Activity:
Transcribe the listing underneath, keeping each word exact and omitting the images.

Data segment:
----

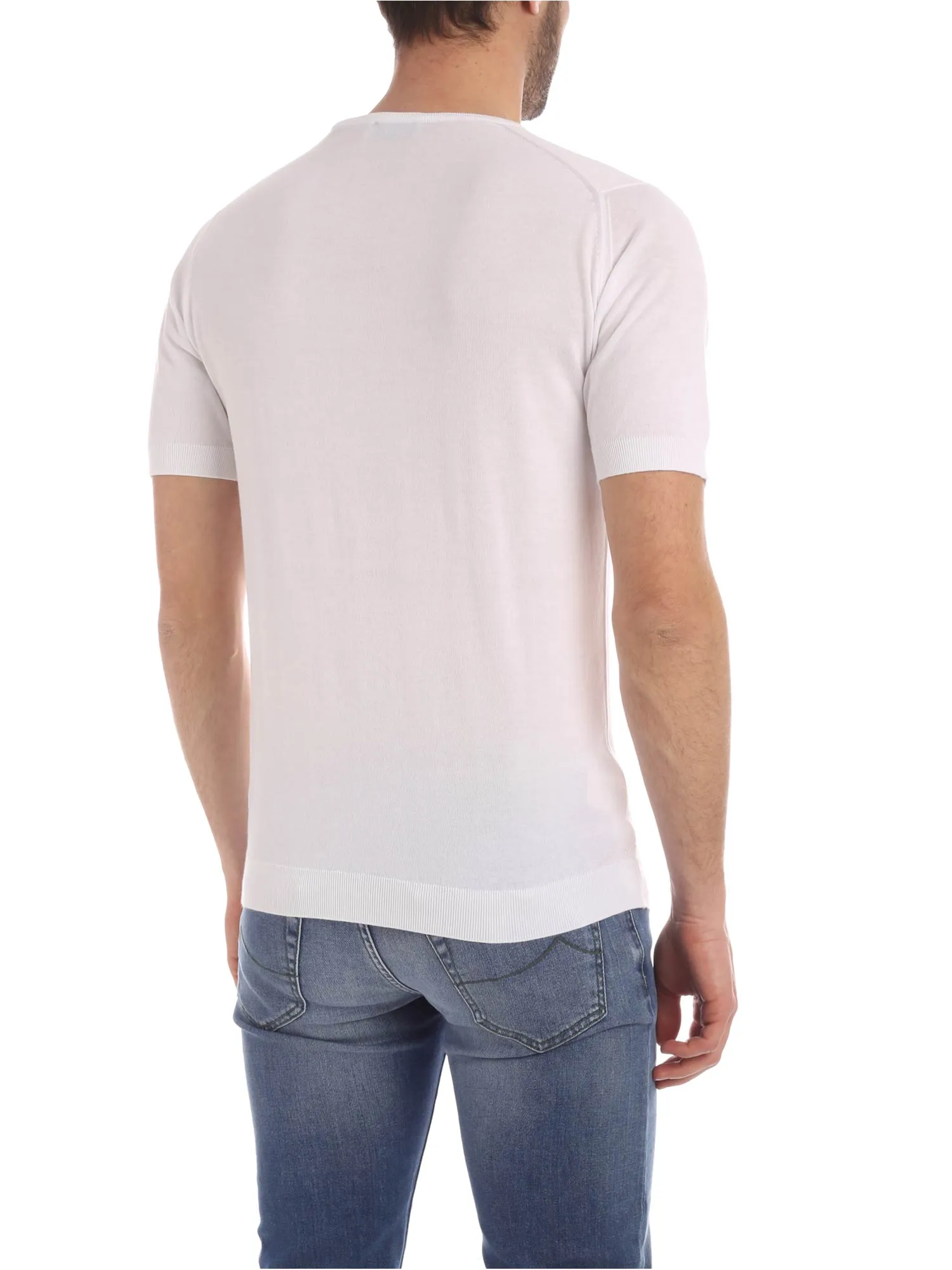 John Smedley Belden Classic T-Shirt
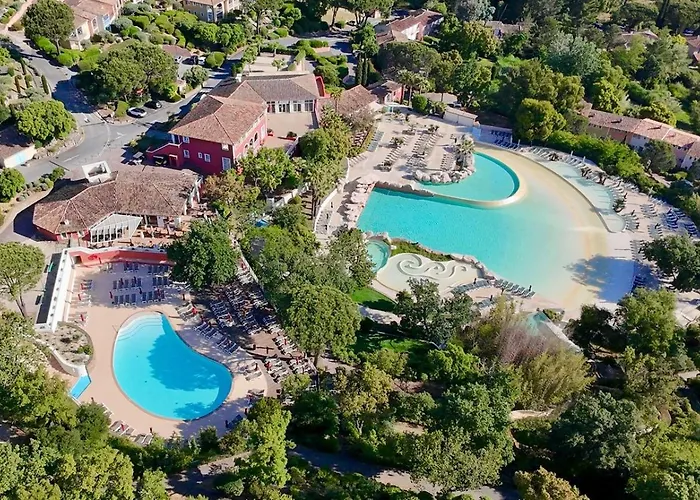 Appartement Les Restanques Glycines 2066 Grimaud
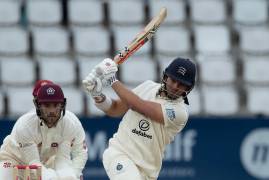 MATCH ACTION | DAY THREE V NORTHANTS | COUNTY CHAMPIONSHIP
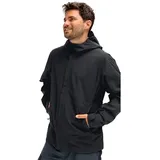 Maier Sports Hochblauen Jacke Unisex Schwarz M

----

Your response:
 John Smedley Belden Classic T-Shirt
 Appartement Les Restanques Glycines 2066 Grimaud
 MATCH ACTION | DAY THREE V NORTHANTS | COUNTY CHAMPIONSHIP
 Maier Sports Hochblauen Jacke Unisex Schwarz M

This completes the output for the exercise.